DIRECTIONS FOR THIS TASK
Every line from the one with "Un levé kiteboarder" to the one with "Unique Loom Outdoor", including those two, is to be copied exactly; all other lines of the entries below are left out.
DATA SUPPLIED Start Marker
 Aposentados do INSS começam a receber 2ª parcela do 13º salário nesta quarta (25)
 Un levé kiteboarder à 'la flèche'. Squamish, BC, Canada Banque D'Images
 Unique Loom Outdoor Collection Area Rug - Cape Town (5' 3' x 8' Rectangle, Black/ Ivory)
DATA SUPPLIED End Marker
DATA SUPPLIED Start Marker
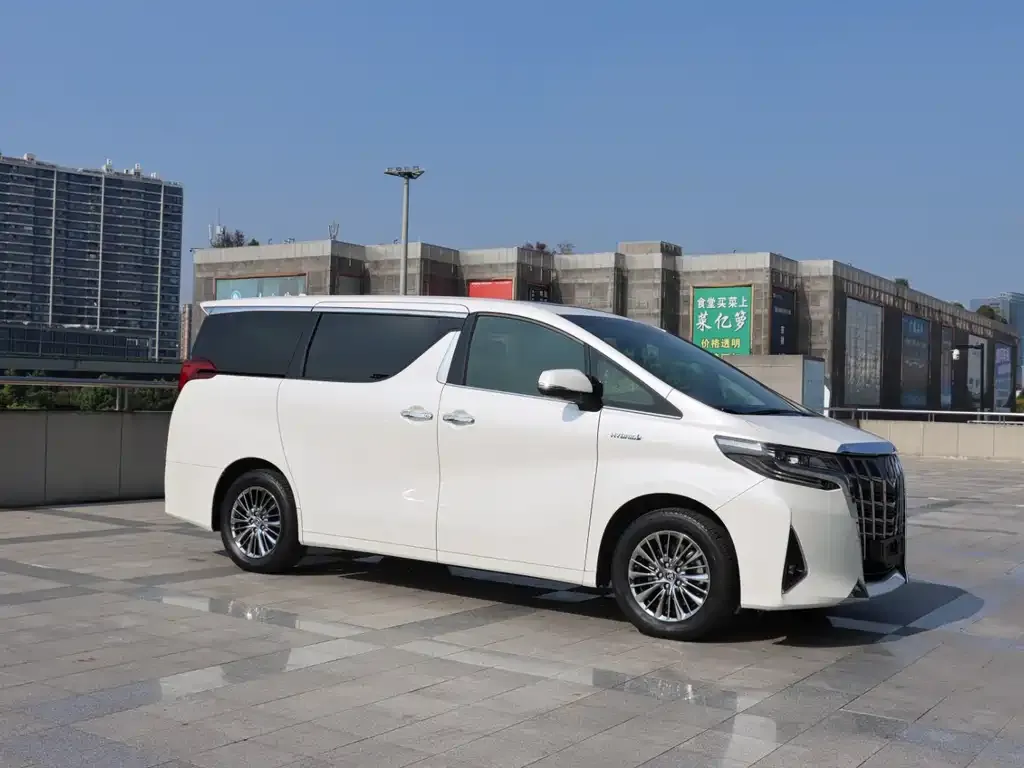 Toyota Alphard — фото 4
DATA SUPPLIED End Marker
RESPONSE TO THIS TASK
 Un levé kiteboarder à 'la flèche'. Squamish, BC, Canada Banque D'Images
 Unique Loom Outdoor Collection Area Rug - Cape Town (5' 3' x 8' Rectangle, Black/ Ivory)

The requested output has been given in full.